The panelists in the second discussion included Ms. Yamini Krishnan (Director HR- South Asia, IQVIA), Dr. Yogesh Misra (Vice President, Thomas Assessments Pvt. Ltd.), Mr. Ram Dharmaraj (Head HR, Cognizant Technology Solutions), Mr. Sandeep Tyagi (Director HR, Samsung Electronics), Mr. Sandeep Batra (SVP & Head HR, Vodafone Idea) and Mr. Dilip Sinha (Head-HR, Reliance Retail).
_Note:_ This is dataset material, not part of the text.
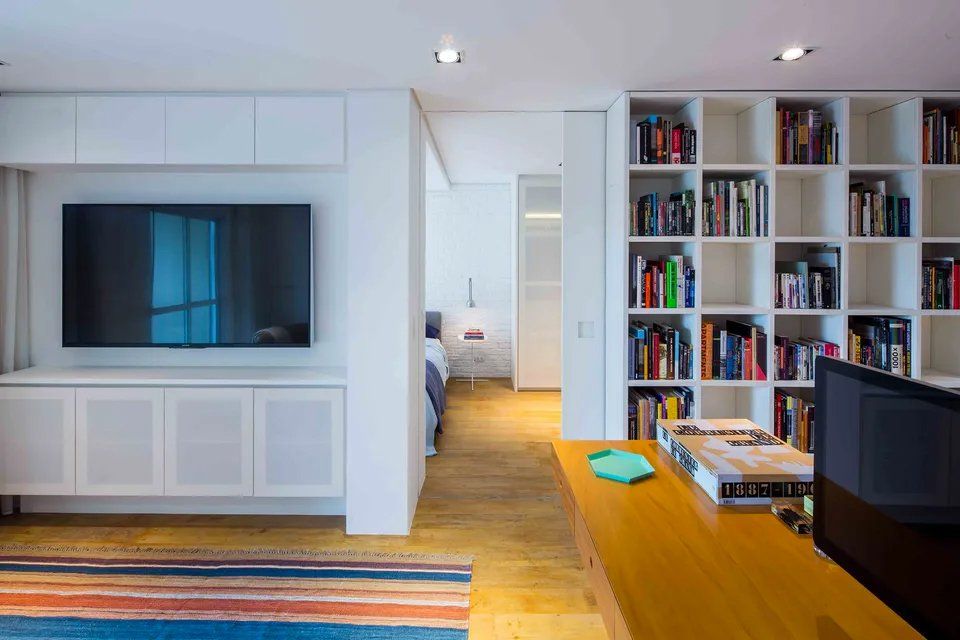 Uma sala de estar com uma TV de tela plana e uma estante.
Yukti 2019: Fourth Edition of Annual HR Conclave
The Conclave commenced with the lighting of the lamp of wisdom & knowledge. Prof. Nagarajan Ramamoorthy, Director- IIM Amritsar welcomed the esteemed panelists. Prof. Nagarajan was glad to host the first conclave as the first full-time Director of IIM Amritsar. He recalled how after passing out of XLRI Jamshedpur as an MBA graduate and entering the industry, he realized the difference between what he learnt in academia and what experience taught him. The challenges, innovations, and strategies are totally different. Prof. Nagarajan said that the nature of the workforce has changed drastically in both India and the USA. The industry is progressing at a furious pace and the challenges will be different in as less as five years. Prof. Nagarajan encouraged the students of IIM Amritsar to gauge and understand the perspective of the industry stalwarts.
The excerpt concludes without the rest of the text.